CSS Universal Selector * - Performance and Practical Use

The CSS universal selector * matches every element. Learn its real performance impact, common reset uses, and when scoping with :where(*) is the safer choice.

Concepts

Detailed Explanation

What * Actually Does

The universal selector matches every element in the document. By itself it's used for resets and inheritable defaults:

* {
  box-sizing: border-box;
  margin: 0;
}

It also appears as a wildcard inside compound selectors:

.grid > *   { /* every direct child */ }
[data-foo] * { /* every descendant of any element with data-foo */ }

The "Performance" Myth

Old-school CSS guides warned that * was slow. Modern browsers (Blink, WebKit, Gecko) match selectors right-to-left and use highly optimized hash maps for the rightmost compound.
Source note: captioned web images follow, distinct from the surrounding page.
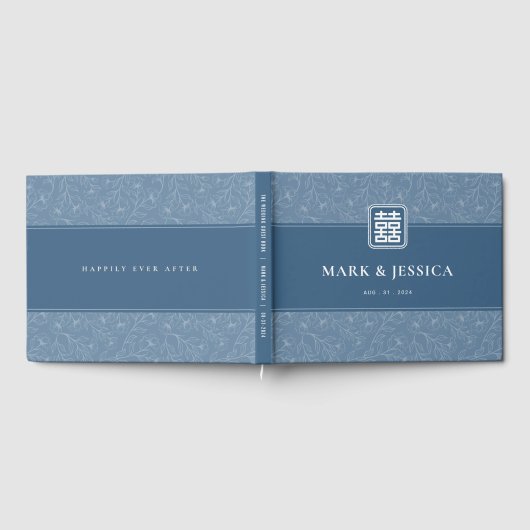 Chinees Grijs Blauw Dubbel Geluk Bruiloft Gastenboek (Volledig)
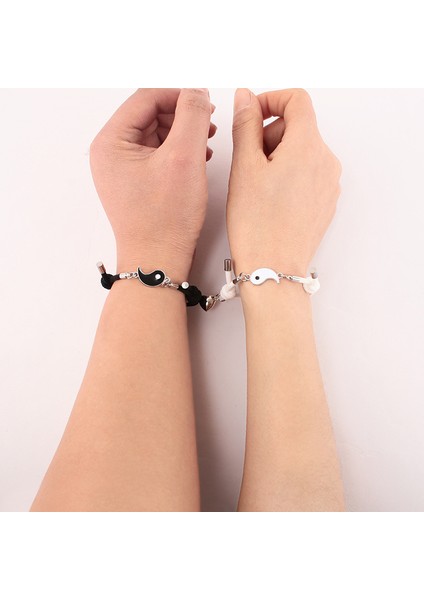 No.5 Boyutu Ta Yin Yang Çift Bilezikleri Alaşım Kolye Ayarlanabilir Örgü Zincir Bileklik Kolye Eşleşen Sevgilisi Bilezikler (Yurt Dışından)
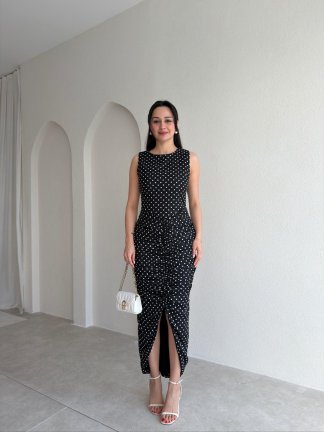 RAPENS Drapeli Puantiyeli Elbise 4981 - Siyah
A bare * is essentially free; the cost only adds up if you write deeply qualified selectors that force the engine to walk the tree:

* * * { color: red; } /* still fine */
.deep > * + * + * { } /* slightly slower because of sibling walks */

In practice you should never feel * performance unless you're writing pathological selectors on a five-figure-node DOM.

Specificity Is Zero

* contributes (0, 0, 0) to specificity. That makes it ideal for resets — anything else will override it.

Owl Selector * + *

The "lobotomized owl" pattern from Heydon Pickering uses the universal + adjacent-sibling combo to add a top margin between flow elements:

.flow > * + * { margin-top: 1.5em; }

It's a single rule that creates consistent vertical rhythm without per-element styles.

Scope With :where(*)

If you want a wide-reaching rule but worry about specificity collisions, wrap in :where():

:where(*) {
  font-family: system-ui, sans-serif;
}

The selector still matches every element but contributes zero specificity (which it would have anyway in this case — but it documents intent).

When NOT to Use *

  • Inside very large ancestor selectors that force a walk: section nav ul li * — costly because the engine matches every element then climbs four ancestors.
  • For inheritable properties, prefer setting them on html or :root so inheritance does the work.

Use Case

Use the universal selector for box-sizing resets, the owl pattern for vertical spacing, and as a wildcard inside compound selectors (".grid > *", "[data-tooltip] *"). The performance fear is outdated; pick "*" when it expresses intent more clearly than alternatives.